無傷で下すのは難しい。となれば肉を切らせて骨を断つしかない。
最悪共倒れだ。
キョウカの側仕えとして、それは許容できないのだろう。
魔界では小さな軍をいくつも作ったところで意味は無い。
将軍クラスならば三、四人が普通。
多くても五人程度にしておかないと、個々が弱くなり、戦力をただ分散させるだけになってしまう。
バルザスと同程度の者が、本陣にどれだけ残っているのか考えてみた。
今頃、ファルネーゼ将軍の軍がキョウカ軍と戦っているはず。
急速に勢力を拡大させたキョウカ陣営であることを考えたら、いま本陣にいるのは、将軍と副官が一人ずつなんてこともありえる。

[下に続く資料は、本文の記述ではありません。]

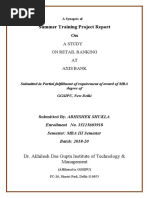 Summer Training Project Report On: A Study On Retail Banking AT Axis Bank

「ならいつまでもこんなところに俺を置いておくつもりだ?」
早くキョウカの許へ連れて行ってほしい。
「それなんだがな、いま来客中なんだ」
「……戦場に来客? 行商人かなにかか?」
それはまた珍しい。
「いや、戦力の補充をお願いするつもりのようでな」
なんとも歯切れが悪い。
モウガは賛成でないとか?
しかし、どんな戦力を補充するのだろうか。
ファルネーゼ将軍がメラルダ将軍と交わした約束みたいな感じだろうか。
「強者は連戦の途中で斃れたか」
「そんなところだ」
小魔王軍どうしが戦って、無傷で勝利することはありえない。
敵の将軍クラスを少しでも減らすため、戦場で互いに鎬を削る。
減らし、減らされ……戦いで連戦すれば疲弊していく。
思った通り、本陣の実情は相当厳しいらしい。
山向こうから動かずに攻めてこなかったのも、それが原因かもしれないな。
しかし来客中ときたか。
あまりグズグズすると、どこかに隠れて、ここを窺っている将軍たちが見つかる可能性があるんだよな。
すこし急かしてみよう。
「……で、俺はいつ仲間に入れてくれるのかな?」
一番の問題。俺がキョウカと対峙できるかどうかだ。
ここから無茶してキョウカを探しに勝手することも考えた。
あと二つくらいは防壁を越えねばならず、ちょっと無茶過ぎる。
モウガに連れて行ってもらわねば、キョウカの居場所を見付ける前に囲まれてしまうだろう。
「……その前にひとつ聞きたい」
「なんでも聞いてくれ」
そして早く連れて行ってくれ。
「我が国の軍に入って、何を望む?」
ストレートに聞いてきた。一番気になるところなのだろう。
「実力に見合った待遇……かな?」
「というと?」
「同格の連中から舐めた口を叩かれたらシメる。それと上官が俺より弱いと感じたら下克上をする……その辺は当たり前でいいよな」
「……まあな」
ちょっと不満そうだ。
「ファルネーゼ将軍はその辺を見誤った。俺が求めるのは、実力に見合った待遇だ」
実際、捨て駒扱いされなければ、そうそう上官に逆らったりしないのだが、それはおくびにも出さない。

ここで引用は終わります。